• _WORK TASK_: The listing below holds a line with "toyota sienta 2021 CFJ1708265" and a line with "通常情况下,米乐M6会通过官方". Reproduce those two lines exactly, plus everything between them.

• _AVAILABLE DATA_:

---

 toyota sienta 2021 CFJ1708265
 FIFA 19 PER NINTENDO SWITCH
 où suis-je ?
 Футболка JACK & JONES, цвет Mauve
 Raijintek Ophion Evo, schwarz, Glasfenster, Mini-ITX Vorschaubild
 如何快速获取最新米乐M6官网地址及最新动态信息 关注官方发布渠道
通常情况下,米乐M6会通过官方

---

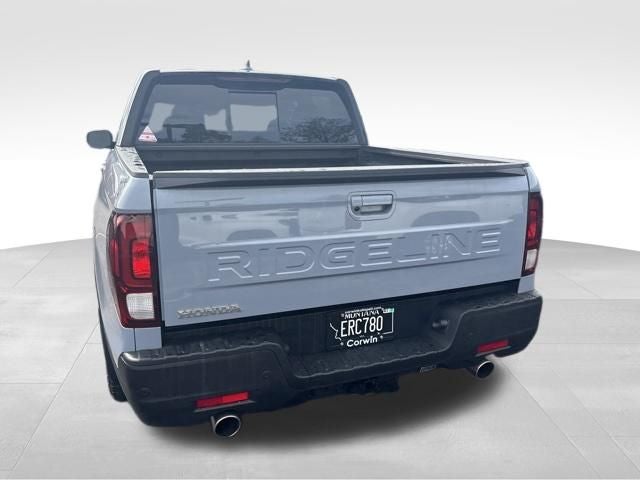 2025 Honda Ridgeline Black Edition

---

• _OUTPUT OF THE TASK_:
 toyota sienta 2021 CFJ1708265
 FIFA 19 PER NINTENDO SWITCH
 où suis-je ?
 Футболка JACK & JONES, цвет Mauve
 Raijintek Ophion Evo, schwarz, Glasfenster, Mini-ITX Vorschaubild
 如何快速获取最新米乐M6官网地址及最新动态信息 关注官方发布渠道
通常情况下,米乐M6会通过官方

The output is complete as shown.